GIVEN RECORDS ::
- - -
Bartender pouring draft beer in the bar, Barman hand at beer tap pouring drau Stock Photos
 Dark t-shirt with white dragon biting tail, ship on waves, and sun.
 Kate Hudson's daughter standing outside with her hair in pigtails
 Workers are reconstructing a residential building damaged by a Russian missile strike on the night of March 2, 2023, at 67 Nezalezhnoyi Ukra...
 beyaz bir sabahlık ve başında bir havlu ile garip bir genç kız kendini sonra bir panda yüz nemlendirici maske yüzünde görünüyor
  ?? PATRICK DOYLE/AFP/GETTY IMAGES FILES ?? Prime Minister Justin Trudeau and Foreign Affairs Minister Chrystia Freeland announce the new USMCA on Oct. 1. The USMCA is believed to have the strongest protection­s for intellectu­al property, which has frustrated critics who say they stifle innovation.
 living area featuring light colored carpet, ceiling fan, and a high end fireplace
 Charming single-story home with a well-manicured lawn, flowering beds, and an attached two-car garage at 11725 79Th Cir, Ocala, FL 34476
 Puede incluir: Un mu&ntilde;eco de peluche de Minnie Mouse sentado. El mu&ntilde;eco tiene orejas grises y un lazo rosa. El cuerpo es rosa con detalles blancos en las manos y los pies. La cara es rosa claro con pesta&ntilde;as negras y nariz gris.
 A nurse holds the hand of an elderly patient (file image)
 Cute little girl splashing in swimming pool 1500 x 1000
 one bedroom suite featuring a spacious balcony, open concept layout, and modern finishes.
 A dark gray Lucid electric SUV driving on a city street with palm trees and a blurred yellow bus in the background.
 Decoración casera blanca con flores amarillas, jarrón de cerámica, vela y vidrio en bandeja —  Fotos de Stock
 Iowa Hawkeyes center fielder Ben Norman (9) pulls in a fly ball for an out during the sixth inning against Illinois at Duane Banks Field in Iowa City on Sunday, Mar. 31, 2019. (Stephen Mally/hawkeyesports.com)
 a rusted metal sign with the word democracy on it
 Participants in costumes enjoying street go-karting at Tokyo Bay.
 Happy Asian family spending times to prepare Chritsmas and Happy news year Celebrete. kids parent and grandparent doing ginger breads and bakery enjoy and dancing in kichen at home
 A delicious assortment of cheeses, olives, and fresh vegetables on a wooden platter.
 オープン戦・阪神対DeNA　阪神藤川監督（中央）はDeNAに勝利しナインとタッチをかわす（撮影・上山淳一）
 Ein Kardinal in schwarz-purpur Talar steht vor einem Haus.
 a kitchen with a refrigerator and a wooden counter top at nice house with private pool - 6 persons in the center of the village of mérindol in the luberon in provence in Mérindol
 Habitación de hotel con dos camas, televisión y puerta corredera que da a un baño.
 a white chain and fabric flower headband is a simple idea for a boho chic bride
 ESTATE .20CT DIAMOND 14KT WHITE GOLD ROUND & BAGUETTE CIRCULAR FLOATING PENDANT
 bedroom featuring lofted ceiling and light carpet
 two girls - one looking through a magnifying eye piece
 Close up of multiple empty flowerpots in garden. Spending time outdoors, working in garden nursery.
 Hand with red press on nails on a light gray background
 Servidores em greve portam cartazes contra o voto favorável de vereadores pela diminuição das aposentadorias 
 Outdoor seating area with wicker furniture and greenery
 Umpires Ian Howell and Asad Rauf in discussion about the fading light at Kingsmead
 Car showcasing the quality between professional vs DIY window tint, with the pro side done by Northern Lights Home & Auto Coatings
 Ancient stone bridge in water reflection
- - -
Find the word "featuring" in the records, and report each line that has it.

 living area featuring light colored carpet, ceiling fan, and a high end fireplace
 one bedroom suite featuring a spacious balcony, open concept layout, and modern finishes.
 bedroom featuring lofted ceiling and light carpet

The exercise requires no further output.